Para muchas federaciones los costos involucrados en el traslado de un equipo de fútbol a una región tan lejana (de Europa) como Uruguay eran, simplemente, privativos y, de hecho, de los «grandes» sólo acudieron Yugoslavia y Francia, de la mano de Rimet, junto a equipos de segunda línea (el rey Carol de Rumania escogió personalmente a los jugadores de su selección, por ejemplo). Italia, Austria, España, Inglaterra, Hungría y Checoslovaquia, entre otros, se negaron a asistir. Pero en el marco de las celebraciones del centenario de la creación de Uruguay como nación independiente, nada ni nadie habría de privar a los sureños el orgullo de conmemorar su existencia a lo grande, por lo que el gobierno uruguayo ofreció pagar los costes de transporte a los equipos que participaran en la copa. Y es que mientras las naciones industrializadas se sumían en una miseria absoluta, países fundamentalmente agropecuarios, como Uruguay, Argentina o Venezuela, por ejemplo, disfrutaban de unos años de bonanza que permitían extravagancias como la construcción de un estadio con capacidad de 100.000 personas (el Centenario), o, en el caso de Venezuela, el pago de una deuda externa millonaria al contado, en vista del centenario de la muerte de El Libertador. Fue así, entonces, como surgió una de las anécdotas más bizarras de las copas mundiales, según la cual el barco que transportaba a los futbolistas franceses, el “Conte Verde”, también llevaba a las selecciones de Rumania y Bélgica, y habría de hacer parada en Río de Janeiro una semana más tarde para recoger a la selección de Brasil. Figúrese.
Lo cierto es que, a pesar de un esfuerzo sobre humano, el Centenario no se pudo completar a tiempo, y cuando los jugadores llegan a Montevideo se encuentran con un estadio en plena construcción. Los primeros partidos del mundial se jugaron en Pocitos, y en la cancha del Nacional de Montevideo, que aún existe y se llama (y se llamaba) Parque Central.
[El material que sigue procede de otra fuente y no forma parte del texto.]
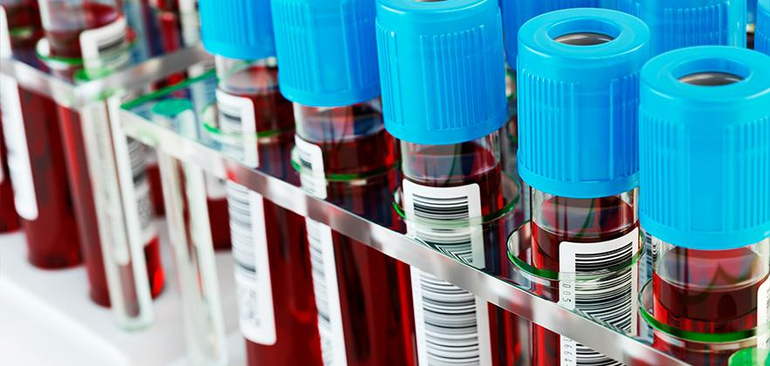 Соэ при онкологии кишечника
Argentina y Uruguay volvieron a ser los protagonistas de la competencia, como lo habían sido dos años antes en Amsterdam. Aquella selección argentina contaba con Carlos Peucelle en el centro, con Luis Monti, quien posteriormente ganaría el mundial del ’34 con Italia, y con el sorprendente Stábile, quien marcó 8 goles en un mundial que sólo pudo jugar por la lesión de Roberto Cherro en el primer partido de Argentina, contra Francia. En tanto, la era dorada del fútbol uruguayo llegaba a su cúspide con una selección en la que aún figuraba, aunque en declive, Juan Andrade, el fenómeno al que el público de París llamó “La maravilla negra” en 1924, y también Héctor Scaronne, hasta hoy el máximo goleador de su país. Ganaría el anfitrión, 4-2, inscribiendo su nombre por siempre en los libros de historia y dando un final feliz a una extravagancia colectiva sin igual. Uruguay, a los 100 años, se coronaba como el primer Campeón Mundial de Fútbol.